[[ DATA SUPPLIED open ]]
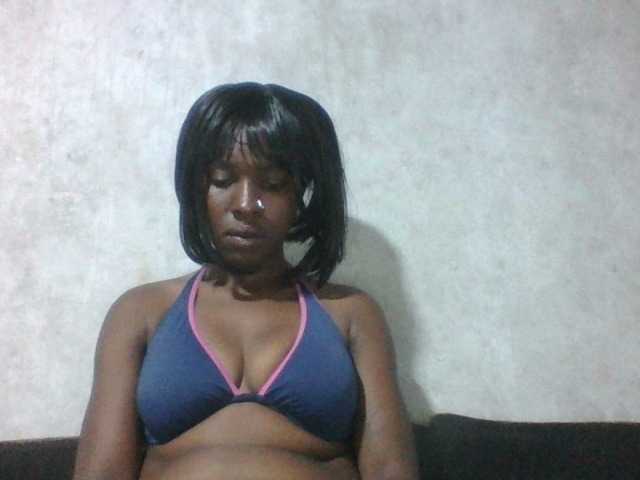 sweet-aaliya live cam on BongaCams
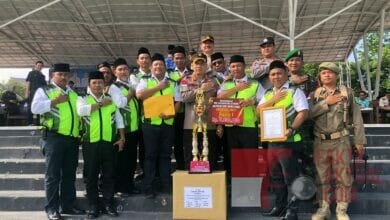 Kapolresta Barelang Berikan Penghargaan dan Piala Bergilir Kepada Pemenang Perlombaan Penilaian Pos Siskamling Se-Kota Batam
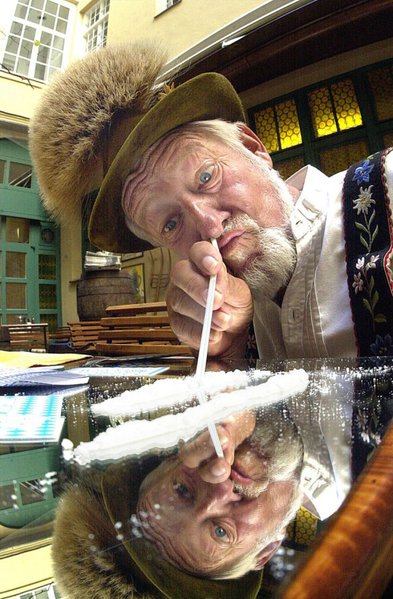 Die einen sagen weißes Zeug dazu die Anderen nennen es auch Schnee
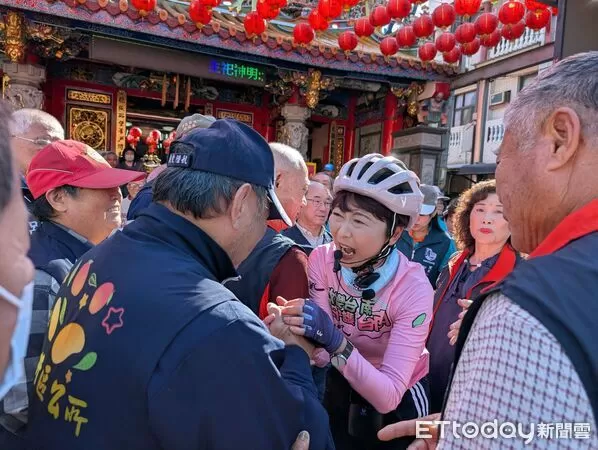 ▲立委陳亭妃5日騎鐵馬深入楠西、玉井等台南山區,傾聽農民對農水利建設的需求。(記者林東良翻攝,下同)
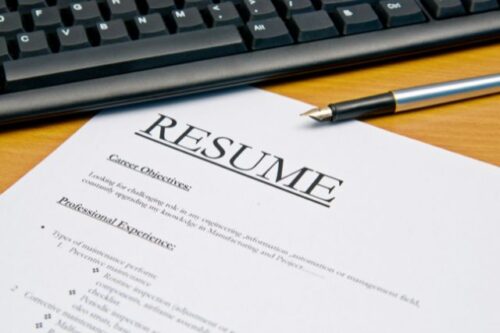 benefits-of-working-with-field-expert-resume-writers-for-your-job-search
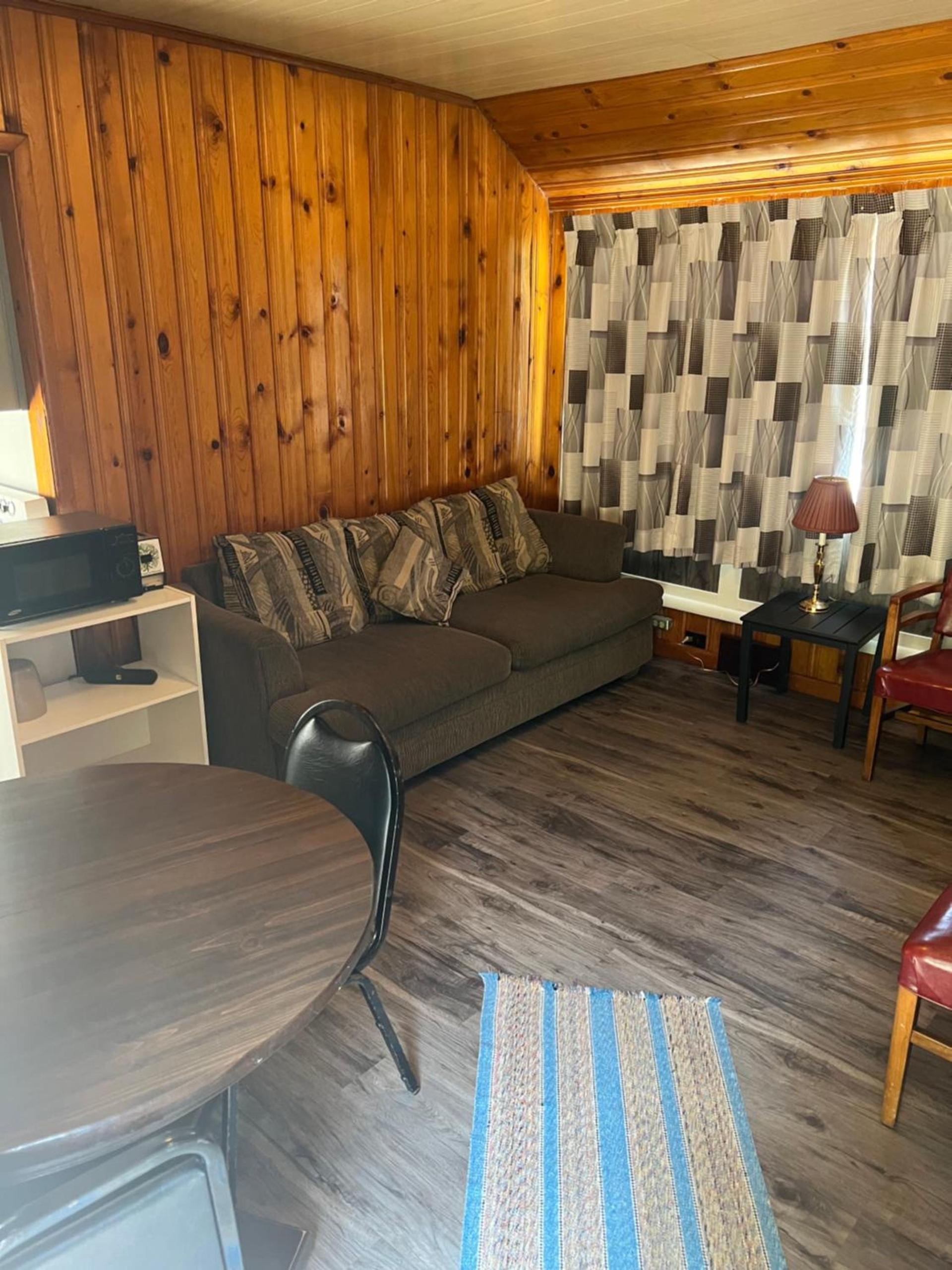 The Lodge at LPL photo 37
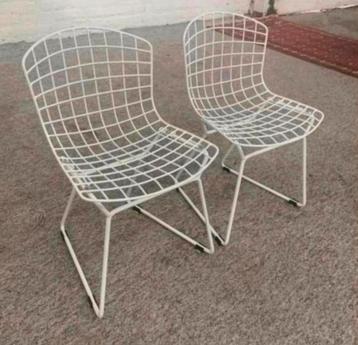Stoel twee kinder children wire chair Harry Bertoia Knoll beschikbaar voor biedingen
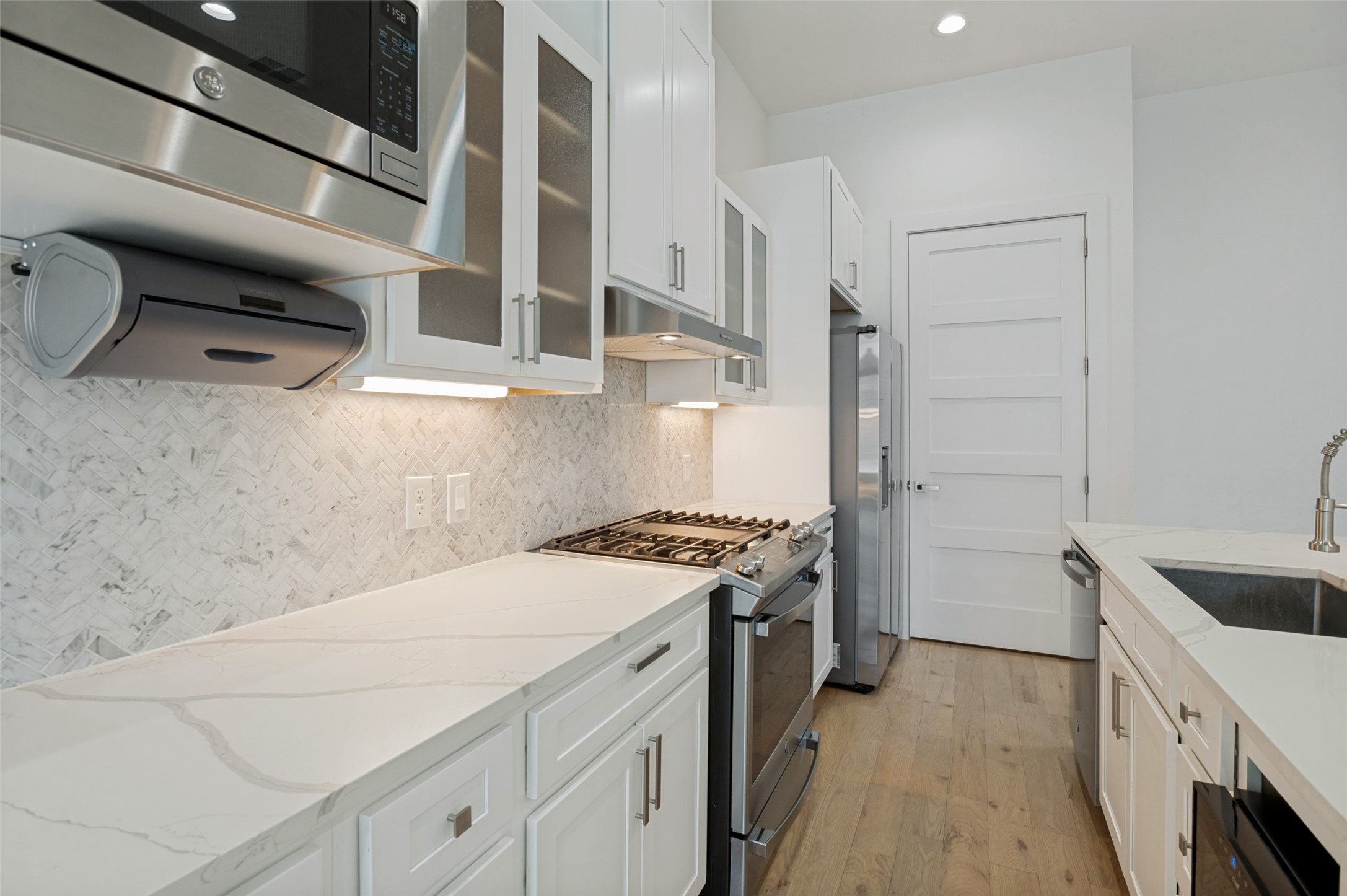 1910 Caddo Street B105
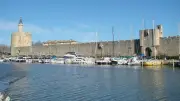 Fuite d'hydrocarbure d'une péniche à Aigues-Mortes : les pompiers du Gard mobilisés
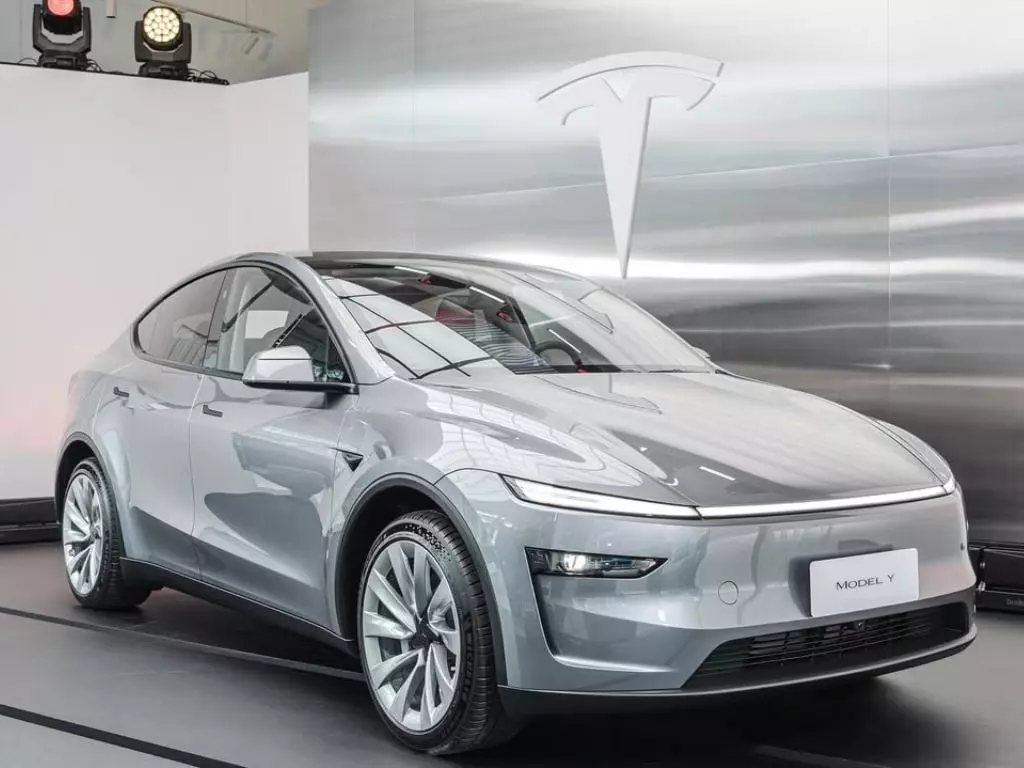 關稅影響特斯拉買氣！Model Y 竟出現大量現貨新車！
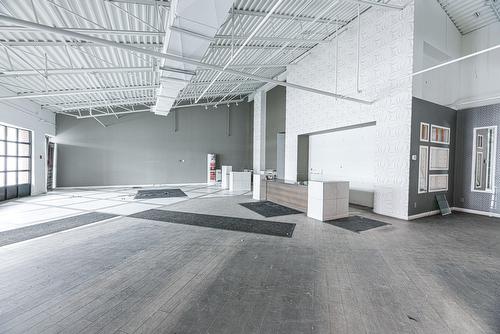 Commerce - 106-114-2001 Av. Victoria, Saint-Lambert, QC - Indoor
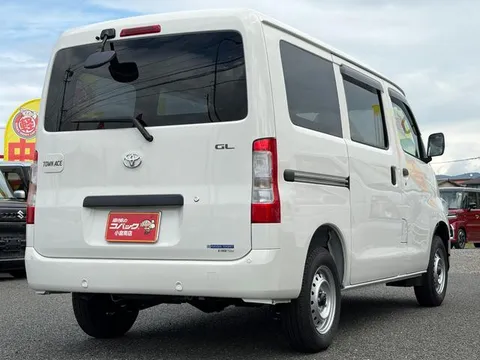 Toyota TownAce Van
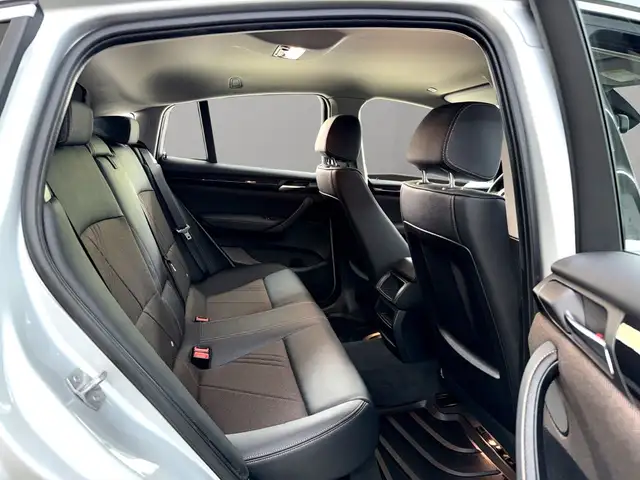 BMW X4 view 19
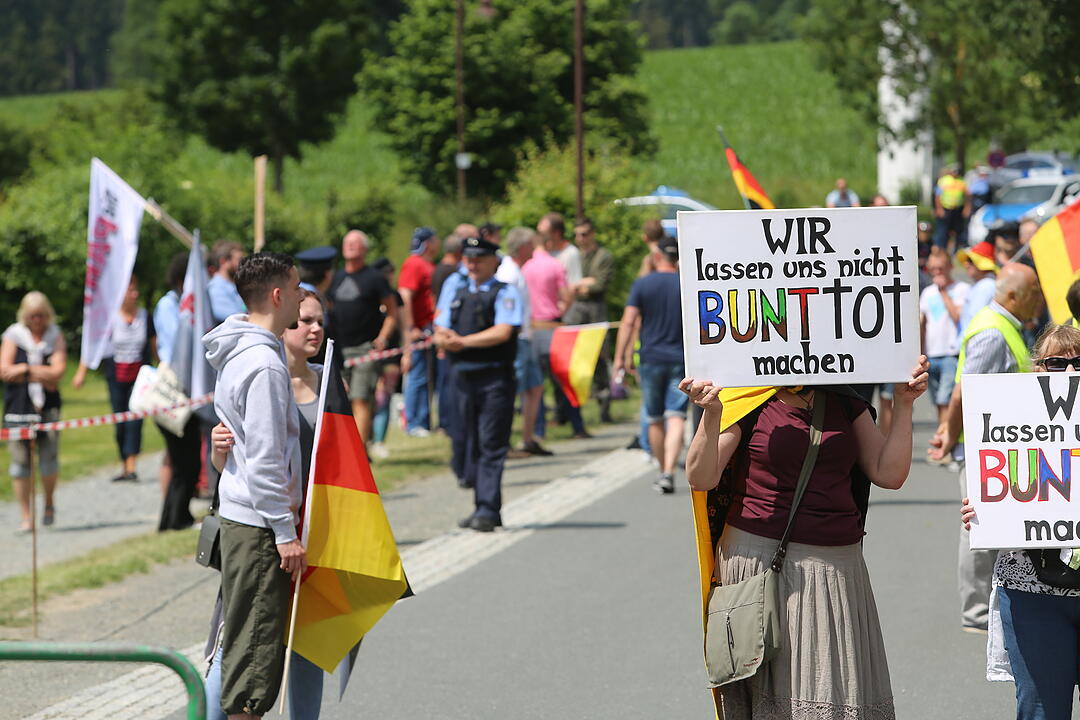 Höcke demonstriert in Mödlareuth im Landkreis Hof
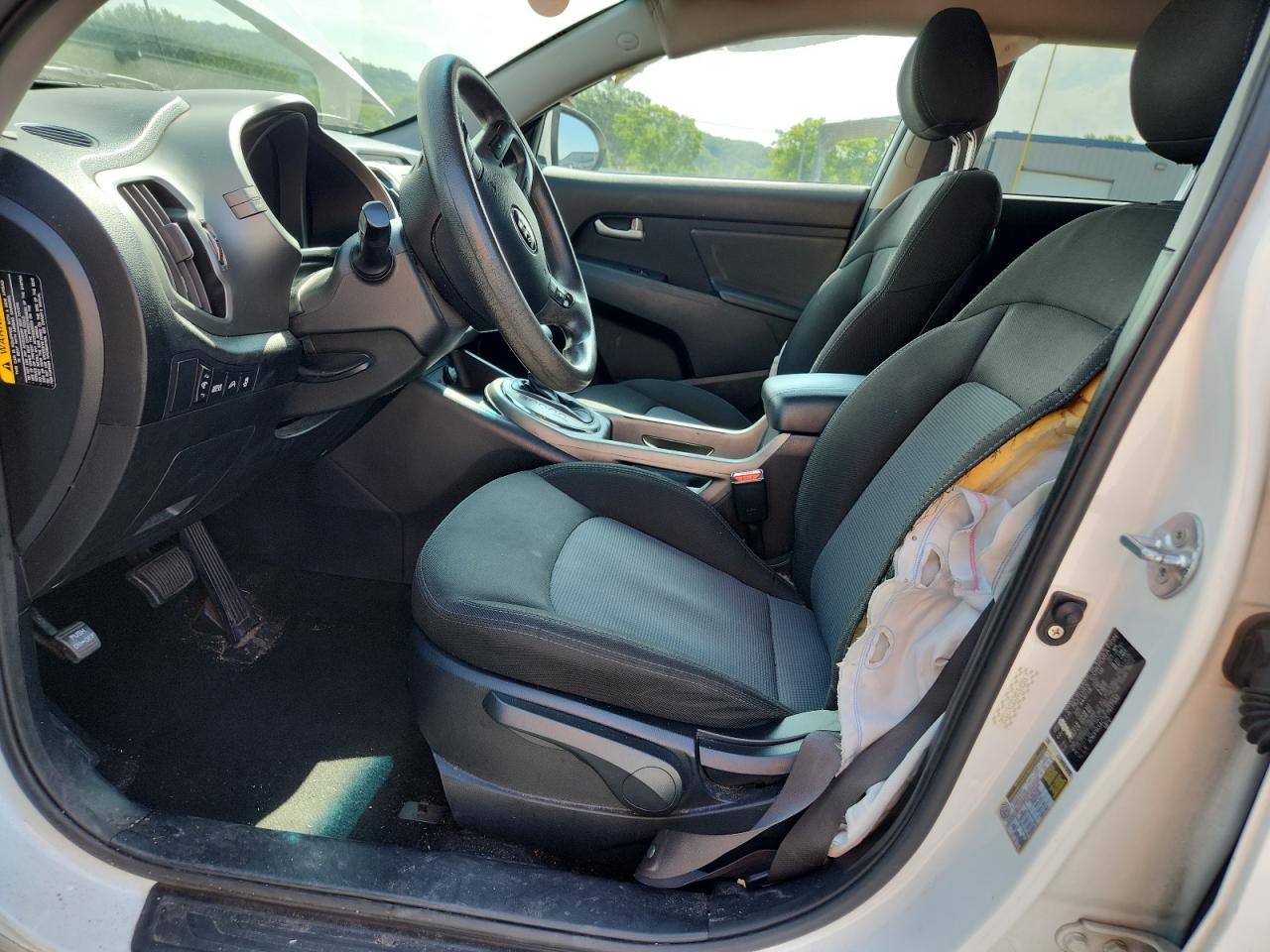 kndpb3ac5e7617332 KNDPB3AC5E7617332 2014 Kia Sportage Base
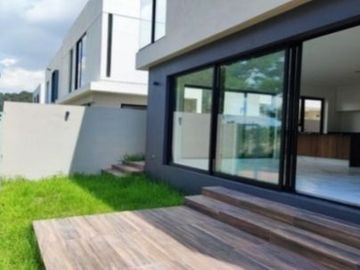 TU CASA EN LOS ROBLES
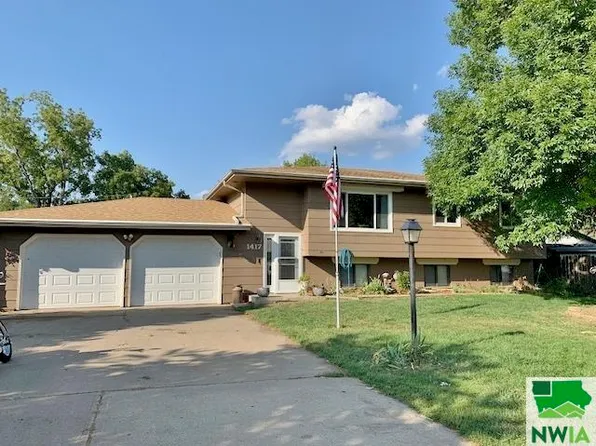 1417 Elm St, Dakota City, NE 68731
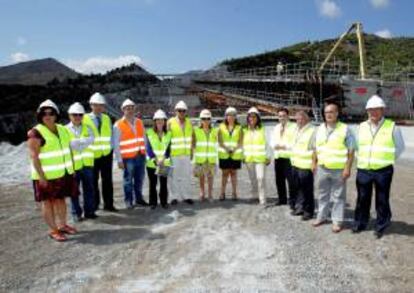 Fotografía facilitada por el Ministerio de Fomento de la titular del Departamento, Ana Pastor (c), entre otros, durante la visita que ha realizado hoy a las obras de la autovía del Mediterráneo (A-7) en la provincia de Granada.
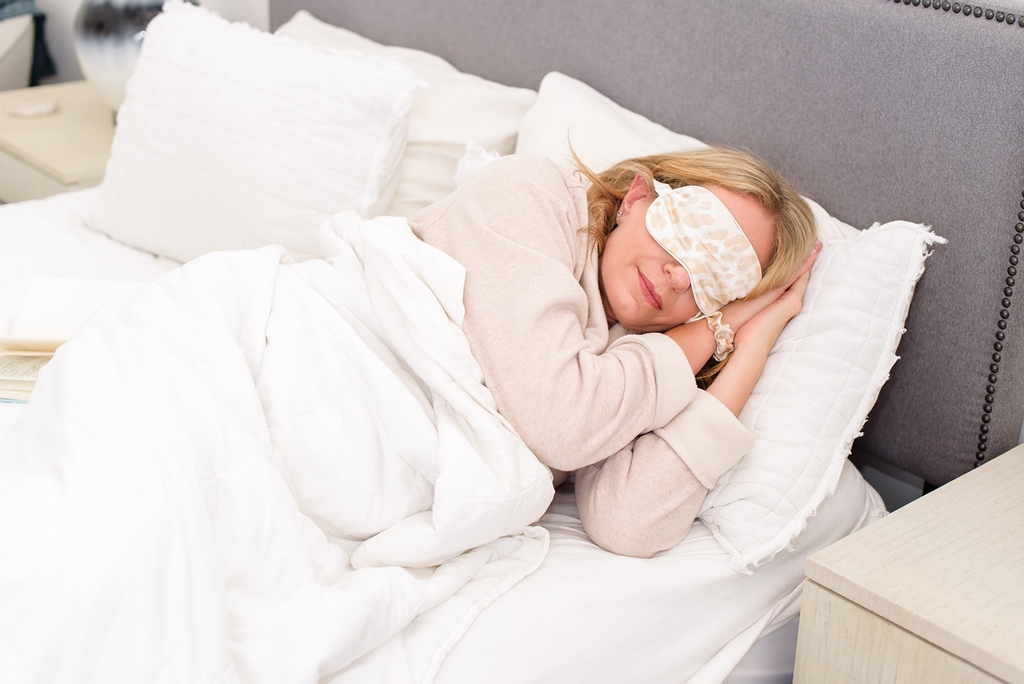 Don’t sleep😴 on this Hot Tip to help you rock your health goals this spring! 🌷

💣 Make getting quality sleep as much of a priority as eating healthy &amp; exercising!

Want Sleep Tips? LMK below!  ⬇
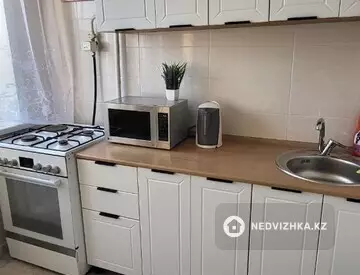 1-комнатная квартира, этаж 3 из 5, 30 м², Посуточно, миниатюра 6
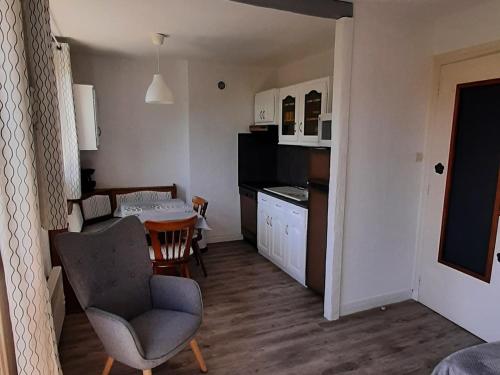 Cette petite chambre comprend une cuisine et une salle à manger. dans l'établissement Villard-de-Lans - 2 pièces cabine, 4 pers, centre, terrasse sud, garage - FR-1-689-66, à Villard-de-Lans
[[ DATA SUPPLIED closed ]]
**EXERCISE DETAILS:** Which lines run from the one holding "關稅影響特斯拉買氣！Model Y 竟出現大量現貨新車！" through the end of the records? Reproduce them word for word, both ends included, with no pictures.

**EXERCISE RESULT:**
 關稅影響特斯拉買氣！Model Y 竟出現大量現貨新車！
 Commerce - 106-114-2001 Av. Victoria, Saint-Lambert, QC - Indoor
 Toyota TownAce Van
 BMW X4 view 19
 Höcke demonstriert in Mödlareuth im Landkreis Hof
 kndpb3ac5e7617332 KNDPB3AC5E7617332 2014 Kia Sportage Base
 TU CASA EN LOS ROBLES
 1417 Elm St, Dakota City, NE 68731
 Fotografía facilitada por el Ministerio de Fomento de la titular del Departamento, Ana Pastor (c), entre otros, durante la visita que ha realizado hoy a las obras de la autovía del Mediterráneo (A-7) en la provincia de Granada.
 Don’t sleep😴 on this Hot Tip to help you rock your health goals this spring! 🌷

💣 Make getting quality sleep as much of a priority as eating healthy &amp; exercising!

Want Sleep Tips? LMK below!  ⬇
 1-комнатная квартира, этаж 3 из 5, 30 м², Посуточно, миниатюра 6
 Cette petite chambre comprend une cuisine et une salle à manger. dans l'établissement Villard-de-Lans - 2 pièces cabine, 4 pers, centre, terrasse sud, garage - FR-1-689-66, à Villard-de-Lans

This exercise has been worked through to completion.